UK house prices saw their highest month-on-month increase for three years in March, bolstered by the rising value of homes in the capital.
The findings, from a survey by property analysis firm Hometrack, revealed that house prices climbed by 0.3% between February and March 2013, the highest increase since March 2010.
In London this increase was even more marked, with house prices shooting up by 0.7% month-on-month.
Despite this significant increase in property values across the month, house prices remained stagnant year-on-year. However, this is the first time that property prices haven’t dipped since March 2010.
This month also saw price increase in three-fifths of London postcodes in March, with houses on sale taking just five weeks to be snapped up by would-be buyers – the shortest time period since October 2007.
The Government’s £80bn Funding for Lending Scheme (FLS) is said to have boosted the number of loans available to would-be buyers, while the Chancellor’s recent announcement that the Government will guarantee £130bn worth of mortgages is set to act as a further boost to the housing market.
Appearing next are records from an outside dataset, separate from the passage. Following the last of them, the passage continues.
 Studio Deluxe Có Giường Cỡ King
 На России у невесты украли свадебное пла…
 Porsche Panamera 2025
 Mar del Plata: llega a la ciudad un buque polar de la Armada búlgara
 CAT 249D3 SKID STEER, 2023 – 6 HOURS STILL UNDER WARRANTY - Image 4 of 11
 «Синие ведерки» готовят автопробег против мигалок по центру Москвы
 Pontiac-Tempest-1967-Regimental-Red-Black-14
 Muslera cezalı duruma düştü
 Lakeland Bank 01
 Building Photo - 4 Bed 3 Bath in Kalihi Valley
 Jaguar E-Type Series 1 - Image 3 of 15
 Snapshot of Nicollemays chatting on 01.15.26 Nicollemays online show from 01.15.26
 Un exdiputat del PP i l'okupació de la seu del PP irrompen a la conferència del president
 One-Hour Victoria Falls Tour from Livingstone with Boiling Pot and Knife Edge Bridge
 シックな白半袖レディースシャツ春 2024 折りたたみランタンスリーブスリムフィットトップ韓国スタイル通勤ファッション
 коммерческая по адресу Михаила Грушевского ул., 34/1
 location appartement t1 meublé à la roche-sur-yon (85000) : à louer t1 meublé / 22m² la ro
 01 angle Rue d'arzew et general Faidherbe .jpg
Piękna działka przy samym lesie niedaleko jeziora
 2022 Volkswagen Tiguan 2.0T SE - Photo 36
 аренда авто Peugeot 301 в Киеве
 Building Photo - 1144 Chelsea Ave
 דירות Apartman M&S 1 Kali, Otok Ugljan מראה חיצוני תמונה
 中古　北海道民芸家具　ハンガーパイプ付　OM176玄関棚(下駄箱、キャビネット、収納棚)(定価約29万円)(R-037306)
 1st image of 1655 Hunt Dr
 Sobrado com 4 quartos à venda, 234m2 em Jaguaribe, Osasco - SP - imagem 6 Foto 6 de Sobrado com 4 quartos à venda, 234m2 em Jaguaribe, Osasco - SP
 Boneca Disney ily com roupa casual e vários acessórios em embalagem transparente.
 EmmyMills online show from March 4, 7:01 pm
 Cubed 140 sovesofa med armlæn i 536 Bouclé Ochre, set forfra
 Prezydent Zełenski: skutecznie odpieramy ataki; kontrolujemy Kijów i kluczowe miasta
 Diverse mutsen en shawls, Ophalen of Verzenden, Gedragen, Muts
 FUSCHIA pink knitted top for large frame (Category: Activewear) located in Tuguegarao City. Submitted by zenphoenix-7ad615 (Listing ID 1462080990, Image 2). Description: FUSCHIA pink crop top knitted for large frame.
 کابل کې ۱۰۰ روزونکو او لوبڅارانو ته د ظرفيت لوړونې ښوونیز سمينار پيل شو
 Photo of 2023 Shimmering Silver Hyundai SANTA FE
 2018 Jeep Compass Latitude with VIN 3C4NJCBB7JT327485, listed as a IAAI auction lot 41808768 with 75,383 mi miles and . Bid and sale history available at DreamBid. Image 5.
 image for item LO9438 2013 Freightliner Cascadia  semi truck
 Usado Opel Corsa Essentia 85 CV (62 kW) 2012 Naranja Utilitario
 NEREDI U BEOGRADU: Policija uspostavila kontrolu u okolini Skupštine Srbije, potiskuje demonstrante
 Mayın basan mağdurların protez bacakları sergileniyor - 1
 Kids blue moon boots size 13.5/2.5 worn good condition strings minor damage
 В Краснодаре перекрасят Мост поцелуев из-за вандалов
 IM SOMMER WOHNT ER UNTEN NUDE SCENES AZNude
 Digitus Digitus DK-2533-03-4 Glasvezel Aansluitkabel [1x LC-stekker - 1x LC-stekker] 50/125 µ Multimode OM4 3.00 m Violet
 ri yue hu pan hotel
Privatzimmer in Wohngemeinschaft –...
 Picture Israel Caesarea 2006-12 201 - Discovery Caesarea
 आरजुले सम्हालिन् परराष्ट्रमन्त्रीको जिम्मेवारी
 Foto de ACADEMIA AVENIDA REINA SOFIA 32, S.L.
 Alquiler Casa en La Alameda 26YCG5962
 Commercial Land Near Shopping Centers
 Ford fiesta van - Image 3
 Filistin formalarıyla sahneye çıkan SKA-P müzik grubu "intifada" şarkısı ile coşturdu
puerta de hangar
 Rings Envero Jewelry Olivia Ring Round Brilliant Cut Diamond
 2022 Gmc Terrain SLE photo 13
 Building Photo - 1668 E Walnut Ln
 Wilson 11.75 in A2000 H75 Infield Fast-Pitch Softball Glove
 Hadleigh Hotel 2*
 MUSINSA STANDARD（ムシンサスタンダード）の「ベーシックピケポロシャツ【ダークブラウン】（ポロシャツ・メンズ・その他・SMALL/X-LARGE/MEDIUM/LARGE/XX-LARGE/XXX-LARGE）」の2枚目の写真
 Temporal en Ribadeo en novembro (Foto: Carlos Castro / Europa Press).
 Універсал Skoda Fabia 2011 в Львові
Richard Donnell, director of research at Hometrack, argued that the outlook for the UK’s housing market was mixed:
“Looking ahead, the continuation of the FLS together with Budget initiatives aimed at supporting lending and demand for new housing, will only serve to support pricing levels.
“The general improvement in market sentiment on the back of rising prices will be welcomed across the housing industry.
“However, while scarcity of homes, support for lending and new housing will all act as a support to pricing levels, the problems of affordability and deposit levels still remain serious impediments to a full blown housing market recovery.”